Turns out there may be consequences to people constantly lowering the bar to make it easier to fabricate evidence for their beliefs, such as the fact that the bar is the same for everyone and people will naturally follow the path of least resistance.

It's as if centuries of hard scientific lessons about the need to eliminate all sources of bias never happened. That lesson is too far back, it's too abstract by now, some people just want to make it easier for themselves, the ends justify the means.
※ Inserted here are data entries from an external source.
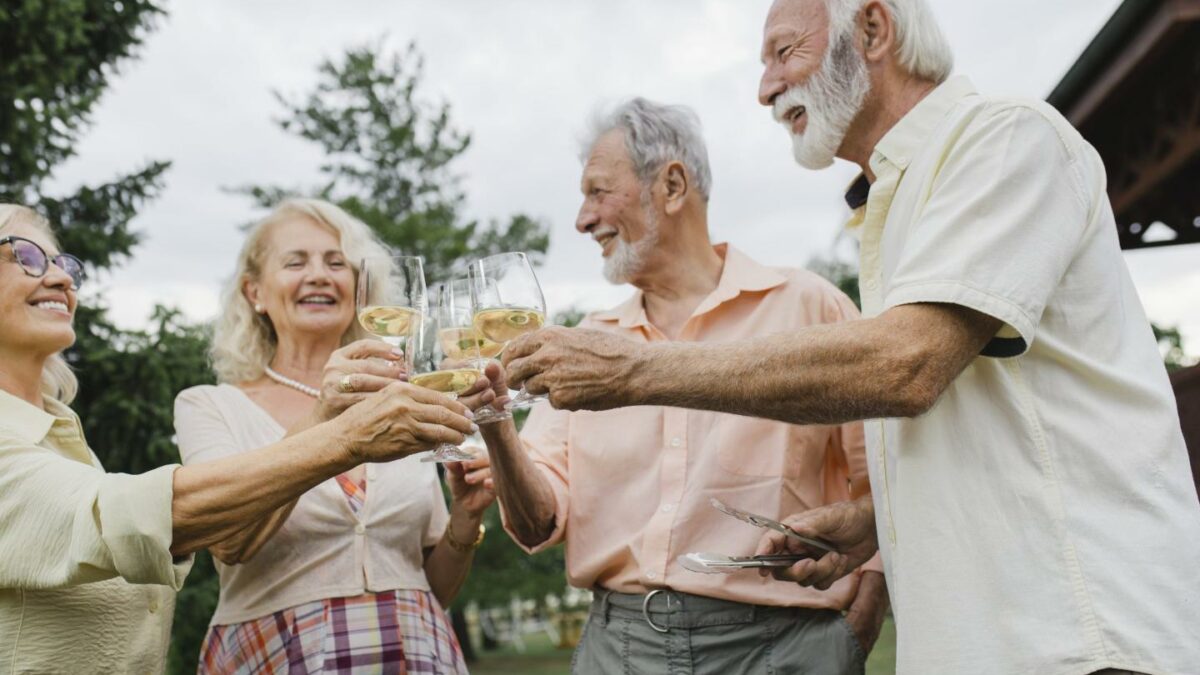 Two mature couples smiling and toasting one another
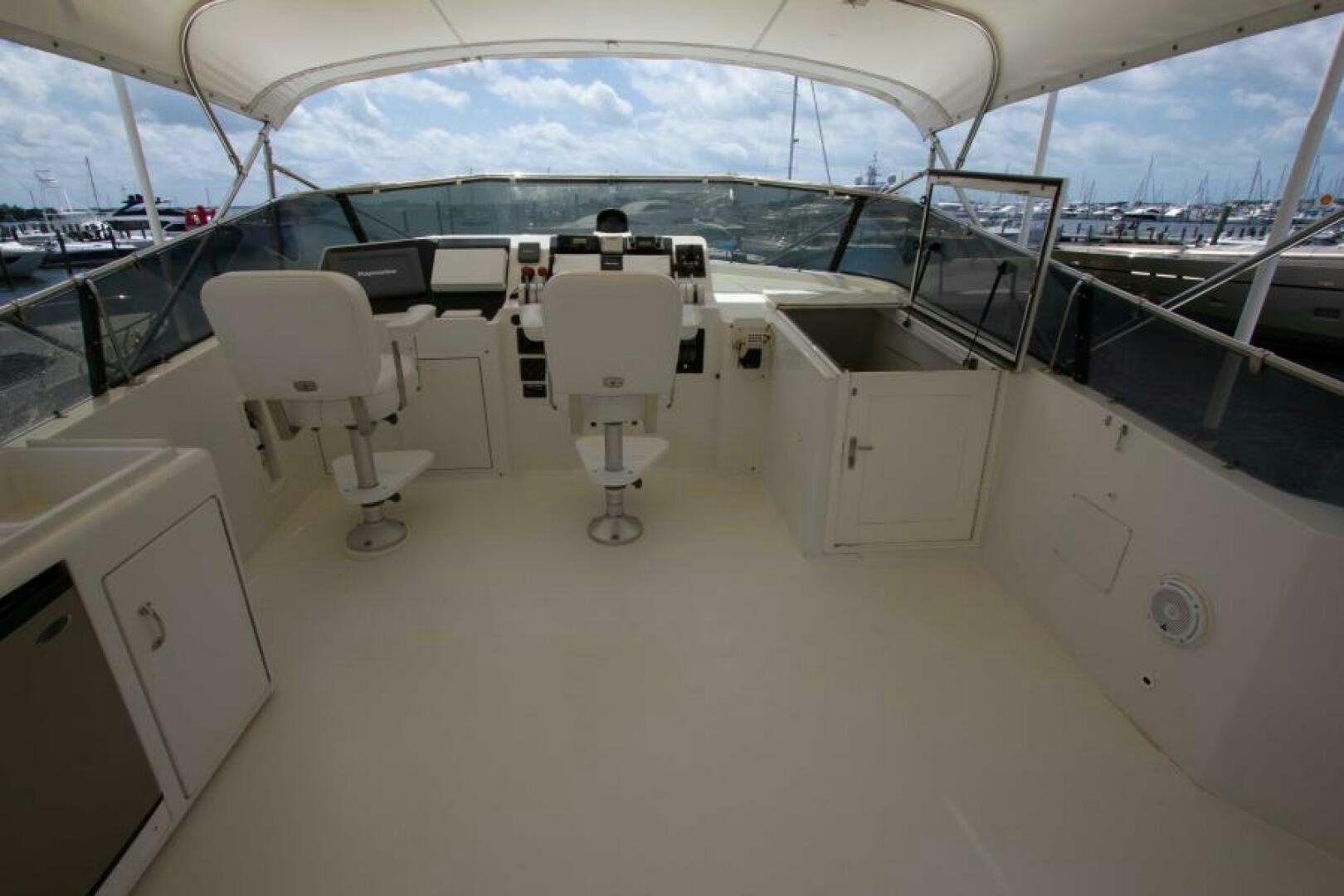 a group of white chairs on a deck aboard FULL MOON Yacht for Sale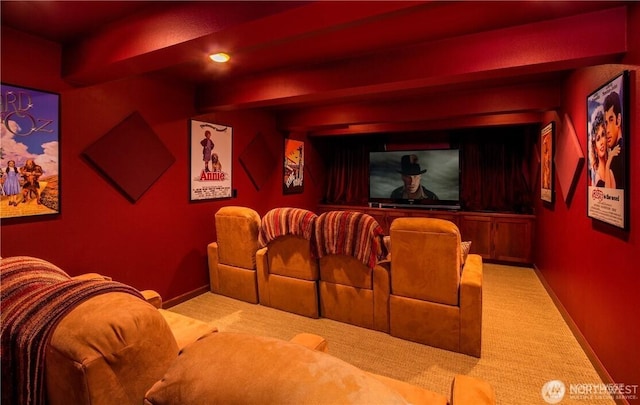 carpeted home theater with baseboards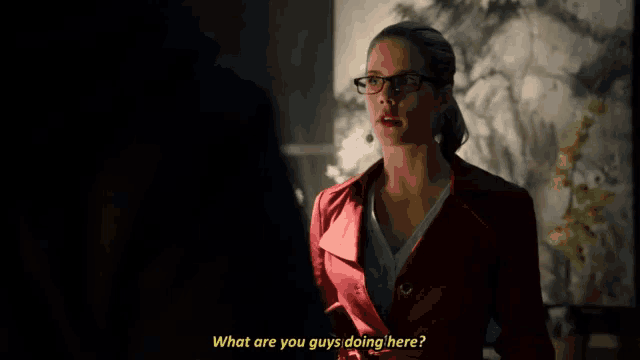 a woman in a red coat is holding a clipboard and says what are you guys doing here
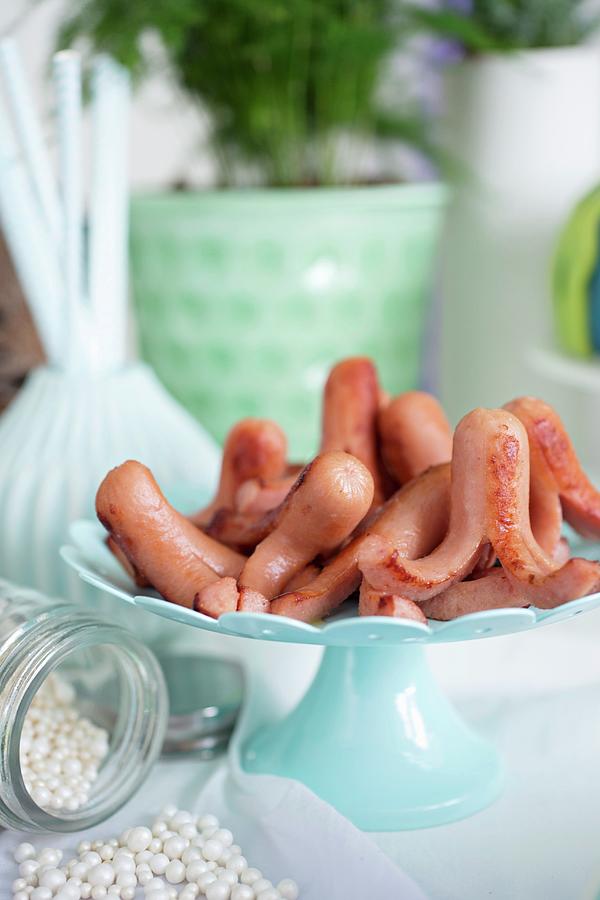Small Octopus Sausages For A Maritime Themed Party Photograph by Cecilia Mller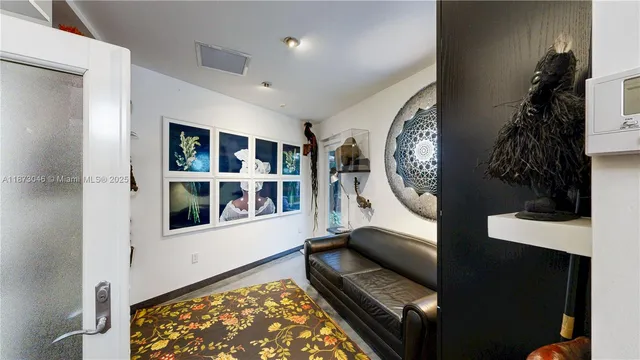 a bathroom with a toilet and a sink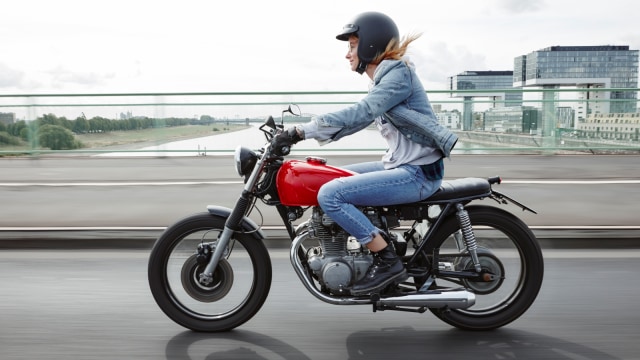 Ilustrasi perempuan mengendarai sepeda motor. Foto: Getty Images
I'm actually surprised at how little the alternative medicine industry is capitalizing on this. The bar has been set so low they could pass anything, zero difference between Reiki for diabetes or CBT for ME. Maybe the LP will provide the model for this.

https://twitter.com/user/status/1341205977127923715

 

This makes me curious about the recent rewrite of the Cochrane guidelines, in which they marked some very low quality ones as being of high quality. Doesn't Cochrane use GRADE? How did they rate the same studies so differently using the same tools? Given that some of those studies could not possibly be more biased yet were rated as having low risk of bias, it probably came down to who was doing the grading, then who signed off on an obviously fantastic interpretation of the rules.

With Cochrane and with the 2007 NICE guidelines, no one in the room actually enforced a proper grading system (not sure which they used in the 2007 NICE review but the same problem seems to have happened, rules only mean something if people respect them). Makes sense, as usual this entire thing is simply exempt from rule enforcement.

 

Simple, because GRADE allows assessors to downgrade at their own whim. The system is garbage. The whole idea of starting from the premise that randomised trials are brilliant and then you can downgrade them is completely bogus. You don't start anywhere and change. You assess the study. If it is no good that is all you need to say.